Now, I don’t know Chantal Unfug and probably couldn’t point her out in a roomful of people. I do know Paul Brown a little from doing business over the years and could find him in the same room. That said, I would hazard a guess both of these good folks who were qualified enough to be appointed to their jobs also knew they served at the pleasure of the county commissioners and governor.
When it comes to a couple of local newspapers and their opinions, this fact is lost entirely and for opposite reasons.
Let’s take Paul’s dilemma that occurred last year. Being a fiducially responsible guy, Paul decided the public trustee’s office could save some money by not running page after page after page of notices in the most expensive way possible — that is, in the local daily paper. By putting notices out for bid — all while staying inside the archaic, big-paper benefitting law — Paul was able to greatly reduce the amount spent on the notices. Apparently this was about to catch on with other trustees. Before you knew it, a couple of large circulated daily papers were in Denver along with the Colorado Press Association lobbying against fiscal responsibility. What should have done been at the pleasure of saving money obviously came at the displeasure of others who had contacts with Paul and his compatriots.

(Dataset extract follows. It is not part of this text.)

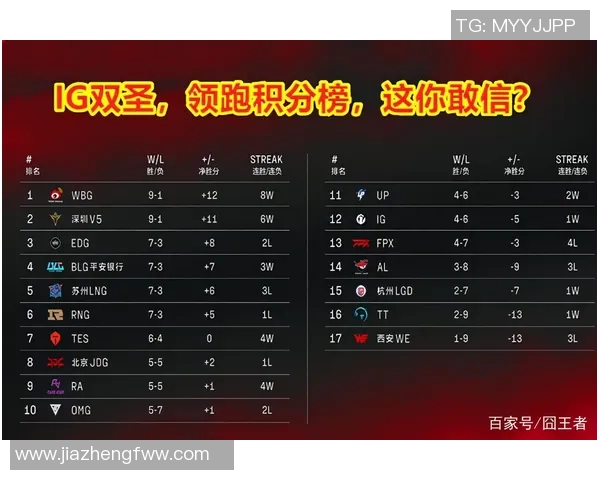 西安网球队凭借90分强势领跑大师赛积分榜展现出色实力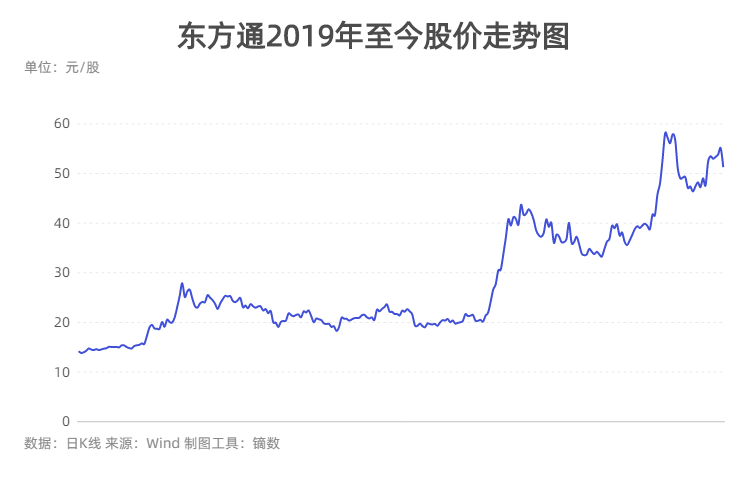 东方通股票最新消息全面解读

Needless to say, Paul was dismissed and order and expense was restored for the pleasure of the local daily paper.
Now on to Chantal. Our newly elected county commission asked for her resignation as county administrator and paid her the severance she was owed on her contract. Since she served at the commission’s pleasure, this should have been all there was to the story. But since this displeased our local daily and weekly newspapers, conspiracy theories and much ado about nothing once again abound.
I have no idea why Chantal was let go. But I do know she could have been let go for cause, not meeting specified targets and goals or no reason whatsoever and it all would have been within the parameters of the contract under which she was hired. I also know the commissioners were well within their bounds in how all of this was handled. Could it have been handled differently? Yes. But can’t everything?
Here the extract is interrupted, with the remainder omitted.